LOS ANGELES — Seeing a show doesn’t have to break the bank — even if it’s in a bank — which is exactly what the Los Angeles Theatre Center used to be. 

“This entrance here is a vault, an actual vault,” Sal Lopez said, standing beside a thick gold-rimmed door with a glass front revealing the gears and mechanisms inside. “This is the actual thing that was here when it was a bank.”


What You Need To Know

  • Latino Theater Company is the resident company overseeing programming at the Los Angeles Theatre Center, a historic landmark in the heart of downtown LA

  • The former bank is now a theater complex with five unique performance spaces and the largest theater lobby west of the Mississippi River

  • Prolific playwright and native Angeleno Luis Alfaro's play "The Travelers" is currently being presented along with "This is Not a True Story" and "Tacos La Brooklyn"

  • Since the start of their current lease in 2007, LTC has produced over 150 plays resulting in over 4,000 jobs

There are other similar clues to its past life throughout the space. Cutouts in the wall reveal the thickness of the concrete. Windows overlook the lobby, which Lopez points out is the largest theater lobby west of the Mississippi River. He has spent decades of his life in this building and it still takes his breath away.

“Anytime I walked through these doors, I marvel,” he admitted, gazing up at the lobby’s ornate glass ceiling. “This ceiling is from the original back in the day.”

Lopez is one of the Associate Artistic Directors of Latino Theater Company — the resident company which oversees programming at the LATC. He and his four longtime colleagues, including artistic director José Luis Valenzuela, have been involved in the company for nearly four decades, growing the space from three theaters to now five unique spaces ranging from small black boxes to the nearly 500 seat Tom Bradley Theatre. 

Right now, they have three shows running simultaneously, and one of their goals Lopez said is to make sure there are no barriers to experiencing the arts.

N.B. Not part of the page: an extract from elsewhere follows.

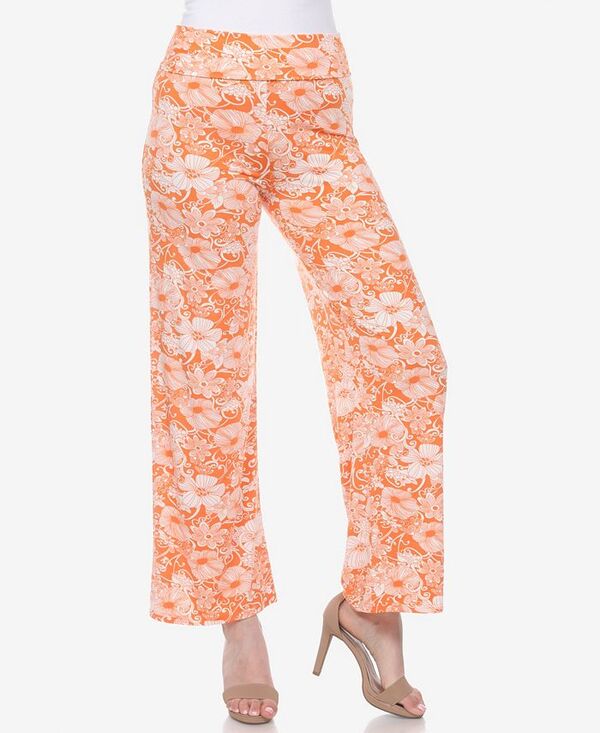 ホワイトマーク レディース ボトムス カジュアルパンツ ワイドレッグ フラワー柄 プリント パンツ フラワー White Mark Women's Floral Print Wide Leg Palazzo Pants Orange オレンジ｜ReVida 店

“We’re very proud that we make our tickets accessible to everyone,” he pointed out. “I mean, you can come tonight and pay $10 to see a live show. And so, you know, that’s less than a movie to see live theater. And that’s something we’re very proud of.”

One of the shows about to take its final bow in the space is “The Travelers” by Luis Alfaro who also has a long history with the building.

“When I was young, my first major professional show was a solo show I did called ‘Downtown,’” he recalled. “I did it downstairs at theater three. I got my equity card, and I was really, really excited.”

(Spectrum News/Tara Lynn Wagner)

It’s fitting that Alfaro’s initials are L.A. because he has been woven into the fabric of the city and its theater community from his early days as an usher at the Music Center to now a prolific internationally acclaimed playwright.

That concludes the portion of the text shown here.